Reconstruction
Introduction
The lecture discusses Reconstruction, a period following the Civil War, stretching from 1865 to 1877.
Key features include the attempted reunification of the country and the passing of the Reconstruction amendments: 13th, 14th, and 15th.
Lecture materials such as slideshows will be available on Canvas for students to study.
Reconstruction Overview
Historical Context:
Reconstruction aims to rebuild the country after the Civil War.
Significant amendments passed during this time are pivotal for civil rights.
Reconstruction Amendments:
13th Amendment: Abolished slavery, marking the beginning of Reconstruction.
14th Amendment: Established citizenship rights and equal protection under the law.
15th Amendment: Granted voting rights to black men.
Types of Reconstruction
Presidential Reconstruction:
Initiated under President Andrew Johnson after Lincoln's assassination.
Johnson, a Southern Democrat from North Carolina, aimed for a lenient approach to reunify the country.
His plan involved:
Southerners swearing an oath of loyalty to the U.S.
Minimal requirements for Southern states to rejoin the Union.
Radical Reconstruction:
Emerged as a response to Johnson’s leniency and the need for stronger protections for newly freed slaves.
Involved federal oversight and protection for black citizens’ rights through military presence in the South.
Key Amendments and Their Implications
13th Amendment:
Abolished slavery but allowed for involuntary servitude as punishment for crime.
14th Amendment:
Important for establishing citizenship for formerly enslaved people.
Introduced the concept of equal protection under the law, which has become foundational for numerous Supreme Court cases.
15th Amendment:
Ensured the right to vote cannot be denied based on race.
Represented a significant advancement for black Americans’ participation in politics.
Resistance from Southern Landowners
White Southern landowners were resistant to radical changes brought by Reconstruction. They feared losing their social hierarchy and economic power, particularly:
Blacks gaining political power through voting rights.

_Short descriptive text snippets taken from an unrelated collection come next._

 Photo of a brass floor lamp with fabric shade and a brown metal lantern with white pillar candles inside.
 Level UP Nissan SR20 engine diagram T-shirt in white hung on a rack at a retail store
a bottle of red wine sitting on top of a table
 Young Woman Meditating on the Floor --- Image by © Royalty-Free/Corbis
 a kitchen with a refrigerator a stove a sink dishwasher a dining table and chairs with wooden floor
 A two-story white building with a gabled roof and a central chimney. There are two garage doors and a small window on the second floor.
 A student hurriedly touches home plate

Increased social and political equality.
Methods of Resistance:
Development of discriminatory practices aimed at suppressing black political participation:
Poll Taxes: Fees required to vote, disproportionately affecting blacks and poor whites.
Literacy Tests: Required to prove reading ability, often with intentionally confusing materials (e.g., documents written in Latin).

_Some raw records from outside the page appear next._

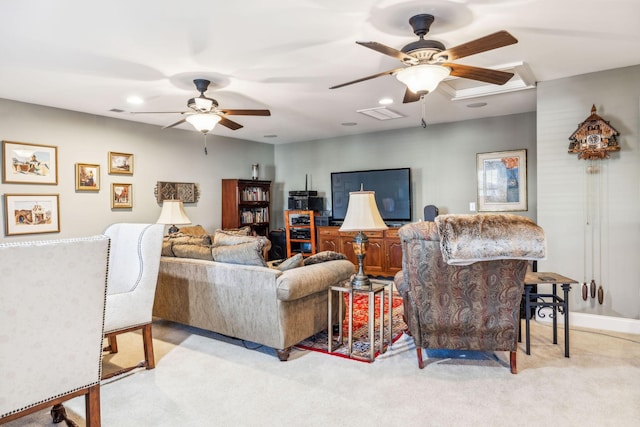 living area with a ceiling fan, light colored carpet, visible vents, and baseboards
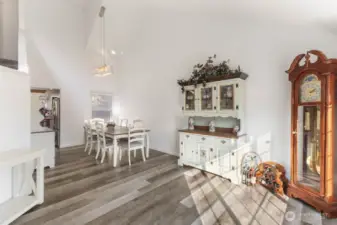 the front room extends into a spacious dining area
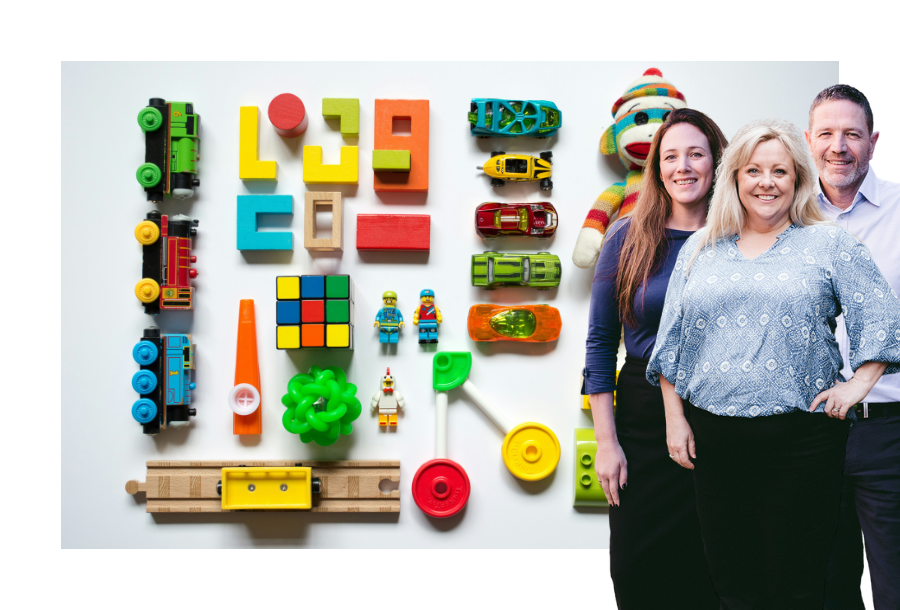 Pictured: Canny Accounting Managers, Jamie, Michelle and Adam standing smiling in front of an image of neatly organised toys in a variety of colours.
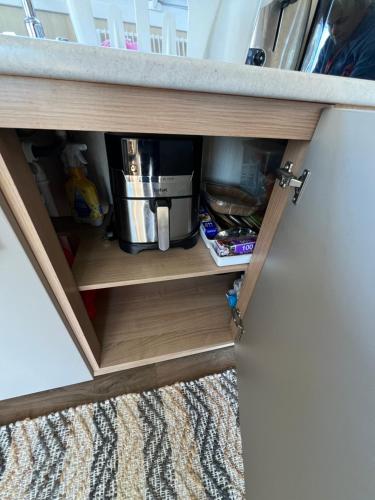 a cabinet with a counter top in a room at Flower Bay in Prestatyn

Black Codes: Laws aimed at restricting black people's rights and freedoms, effectively controlling their labor through discriminatory practices.
Federal Government’s Role
The federal government deployed troops in the South to enforce Reconstruction amendments and suppress violence against black citizens.

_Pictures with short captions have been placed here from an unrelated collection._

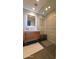 Modern bathroom with wood vanity, lighted mirror, glass shower, and neutral colors at 5455 E Lincoln Dr # 1004, Paradise Valley, AZ 85253
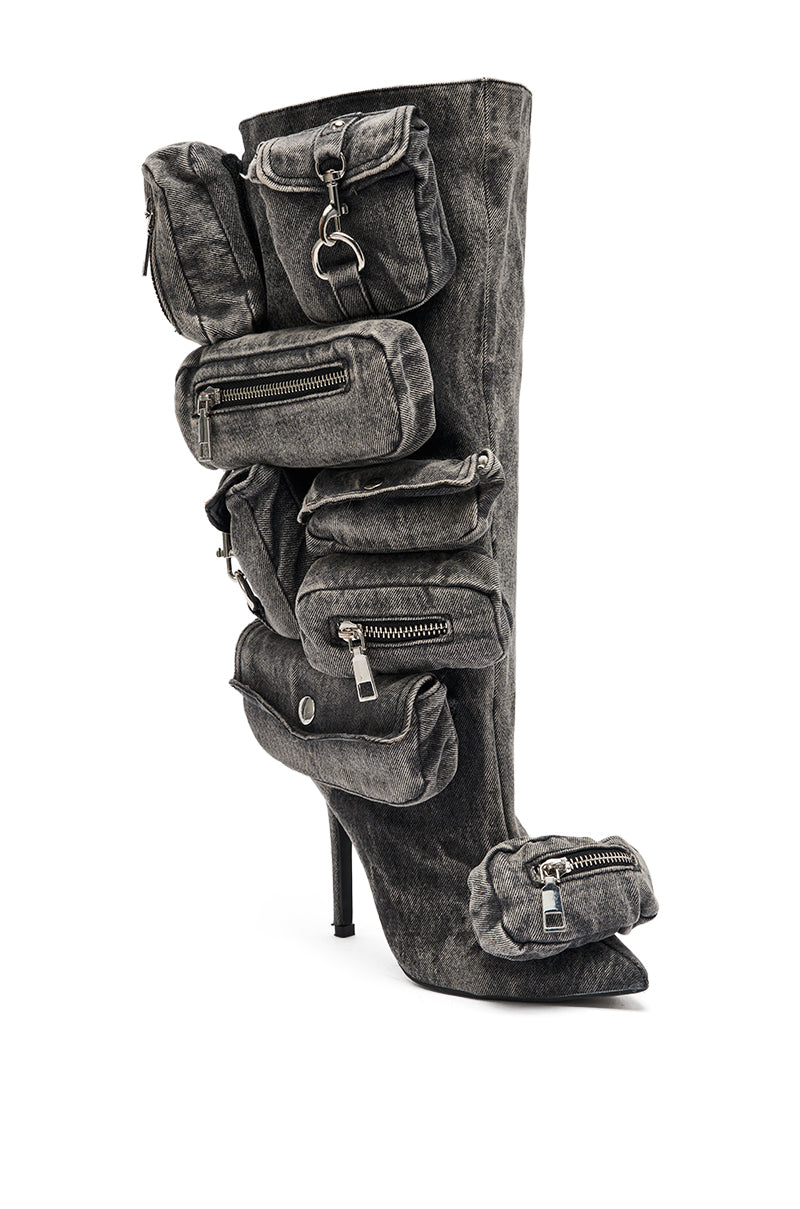 The AZALEA WANG PRAVIN BLACK POCKET DETAIL STILETTO BOOT is a knee-high, high-heeled boot featuring a sleek black look with multiple zippered pouches and pockets in various sizes. 4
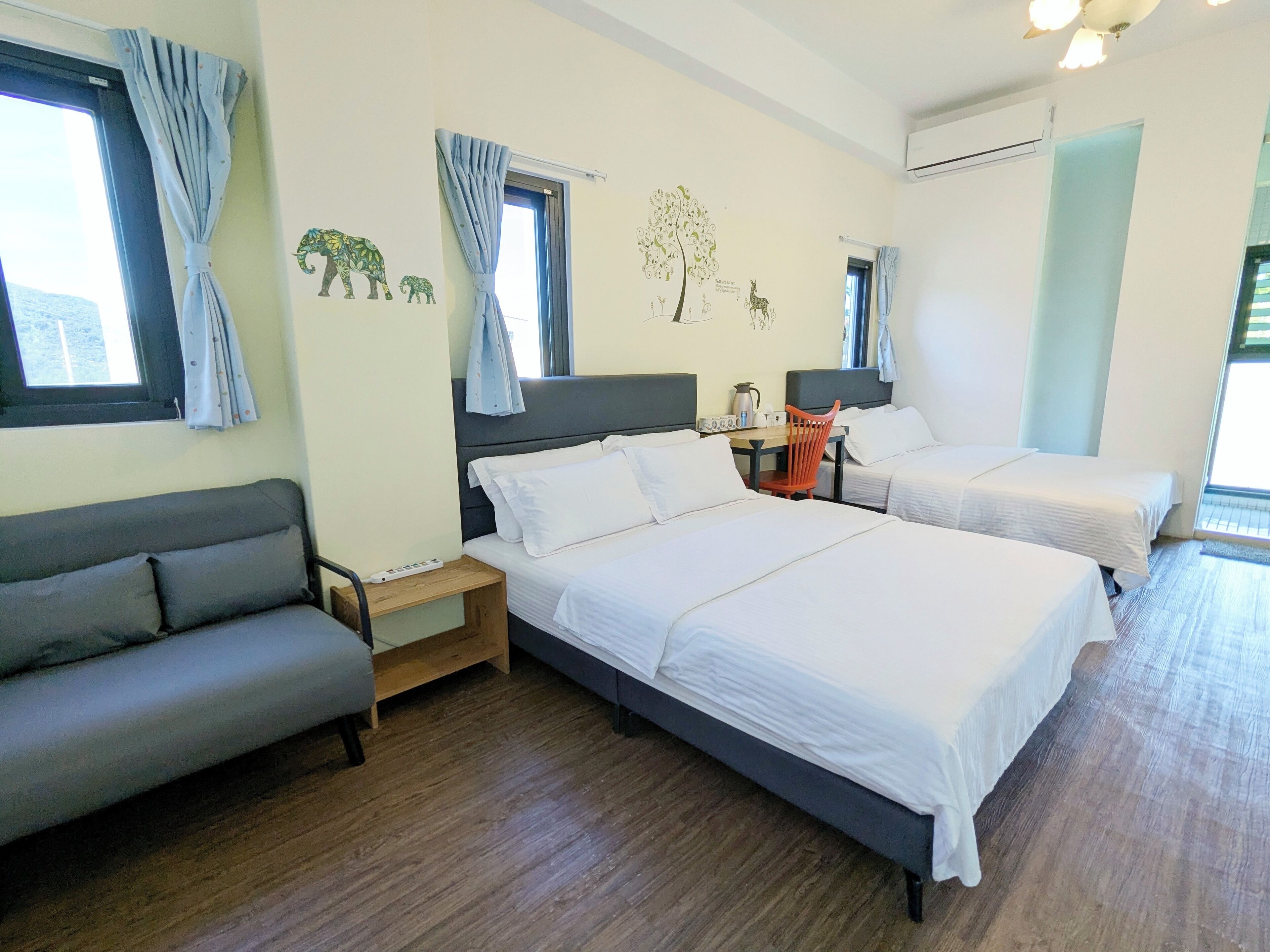 A hotel room with two beds, a sofa, a table with a kettle, and a chair.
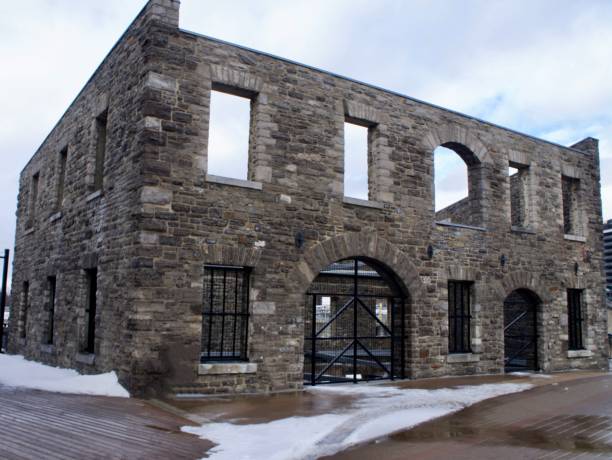 A skeleton exterior of a turn of the century stone building.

Ku Klux Klan Act (1871): Enacted to curb Klan violence and protect the rights of black Americans.
Federal legislation aimed at supporting black political activity while trying to counterbalance white Southern opposition.
Decline of Reconstruction
By the mid-1870s, there was a growing disinterest in maintaining Reconstruction efforts.
The Corrupt Bargain of 1876 resulted in a compromise that allowed Rutherford B. Hayes to become president in exchange for the withdrawal of federal troops from the South, effectively ending federal oversight.
The removal of troops led to a resurgence of white political power and the implementation of Jim Crow laws, establishing institutionalized racial segregation.
New Economic Models in the South
Post-Civil War, the South needed a new economic structure because of the dismantling of slavery:
Sharecropping: Black families rented land from white landowners, paying with crops rather than cash, often leading to cycles of debt and poverty.
Tenant Farming: Slightly different from sharecropping as it involves renting land but still included problems of exploitation and economic instability for freed blacks.
The notion of 40 acres and a mule was an initial attempt by the federal government to provide land to freed families but was largely unsuccessful, with most land returned to original white owners.
Challenges Facing Freed Blacks
Freed blacks suffered multiple barriers to economic progress:
Lack of capital and resources to start farming independently.
Under the sharecropping system, they became economically dependent on white landowners, with limited ability to improve their economic status.
The cycle of poverty and dependency persisted through the late 19th century, contributing to systemic disenfranchisement of black individuals in the South.